Tuesday, 03 Oct 2006 10:06
The shadow attorney general, Dominic Grieve, called for the creation of a bill of rights
It is a "romantic fancy" to suggest centuries-old laws such as the Magna Carta and habeas corpus will protect British citizens in today's world, Dominic Grieve has said.

The shadow attorney general said that greater protection of rights and liberties was needed in an age where counter-terrorism and criminal justice laws had led to a "massive accretion of state power over the citizen".

And he argued that a bill of rights, as proposed by Conservative leader David Cameron, could provide a "pragmatic legislative response" to this problem.
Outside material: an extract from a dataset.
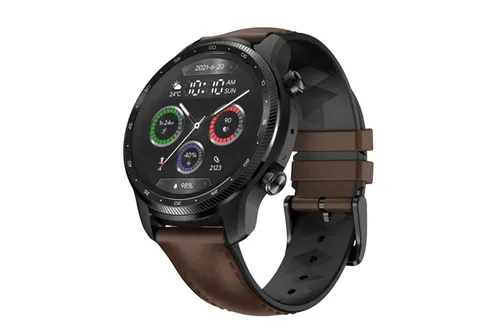 Mobvoi TicWatch Pro 3 Ultra LTE (Shadow Black)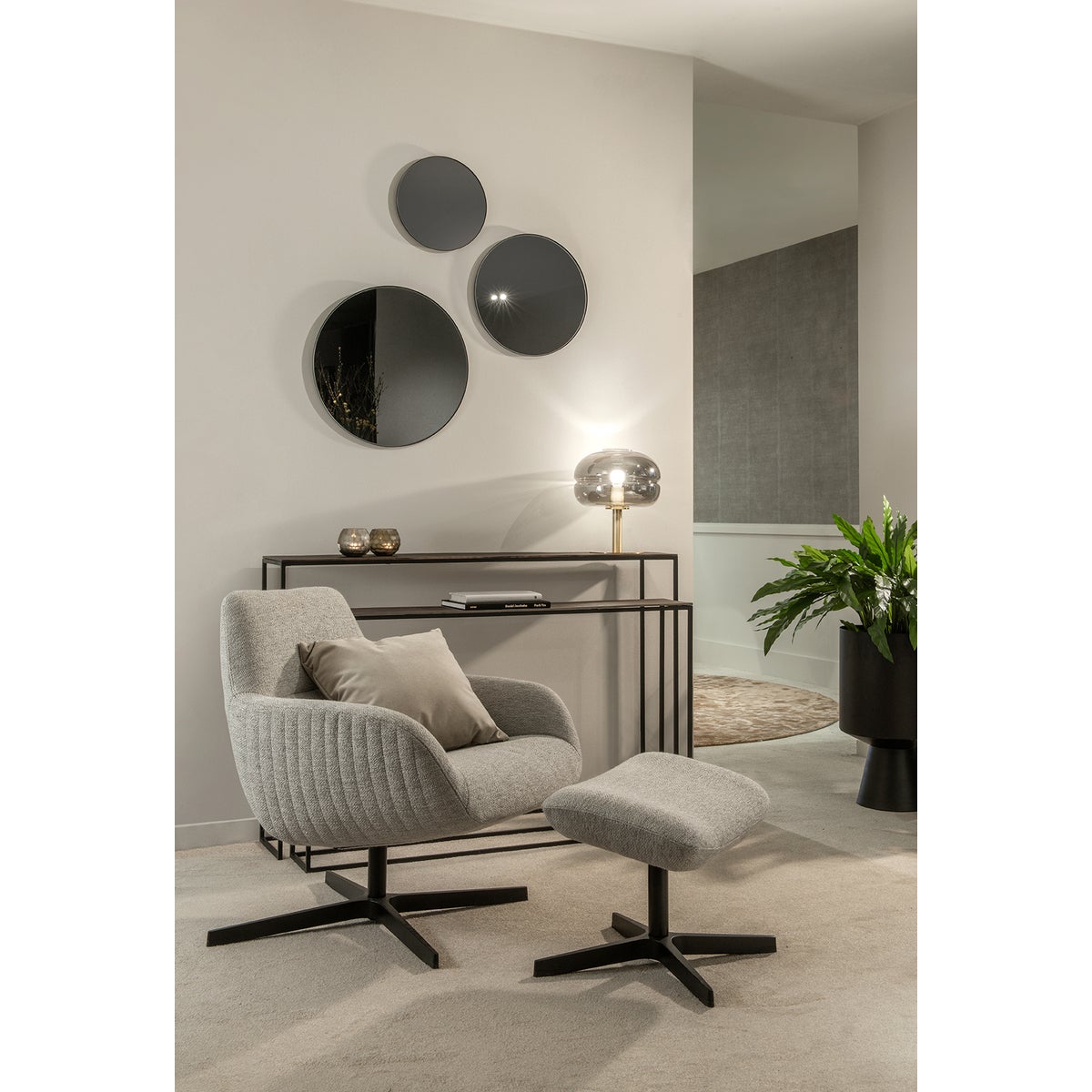 Giza Console Tables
Mr Grieve said such a document would provide more guidance for judges and ministers in applying human rights law when national security was at stake than the current Human Rights Act, which Mr Cameron has promised to scrap.

It would also provide an opportunity to "engage in a debate as to what aspects of our legal and constitutional framework constitutes core values in the area of civil liberties that should be identified and protected", he said.

The Tory MP's comments, to a Liberty fringe meeting at the party conference in Bournemouth last night, come just days after the lord chancellor, Lord Falconer, attacked the Conservatives' plans as "irresponsible".

"Feeding a view which says you can somehow repeal the Human Rights Act, stay in the [European Convention on Human Rights] ECHR and produce your own a la carte menu of English rights was legally nonsense and politically irresponsible," he said.

Lord Falconer, who is also the constitutional affairs secretary, added: "We will campaign for human rights, campaign passionately and campaign defiantly."

At another fringe event in Bournemouth last night, members of Mr Grieve's own party also shed doubt on the proposed bill of rights.

Higher education spokesman Boris Johnson accepted that there was "bonkers misrepresentation of human rights" in the way the Human Rights Act, which incorporates the ECHR into UK law, was implemented.

But he said it would be "terribly difficult" to repeal, not to mention internationally embarrassing, and argued the combination of this act and other laws made a separate bill outlining basic freedoms unnecessary.

"We are steadily getting a British written constitution, with statutes, the Human Rights Act and so on, and I see no particular reason to codify it further," he said.

However, last night Mr Grieve said further protection for civil liberties and basic rights, for example trial by jury, was required – as was a document that outlined the rights of individuals to the community, as well as vice versa.

"Rights and liberties will no longer be a tool for those striving for special privileges but a protector of all and a reminder of the duties that we all owe each other," he said.

The bill would need to be entrenched to make it truly effective, he said, and suggested the approval of both Houses of Parliament be required to change the legislation.

"On its own a bill of rights will not provide all the solutions to the threat we face from creeping state authoritarianism in the face of terrorism and the fear of social disintegration," Mr Grieve said.

"But it's an important step in restoring faith in those values that have made our country an exceptional haven of tolerance and progress in human development."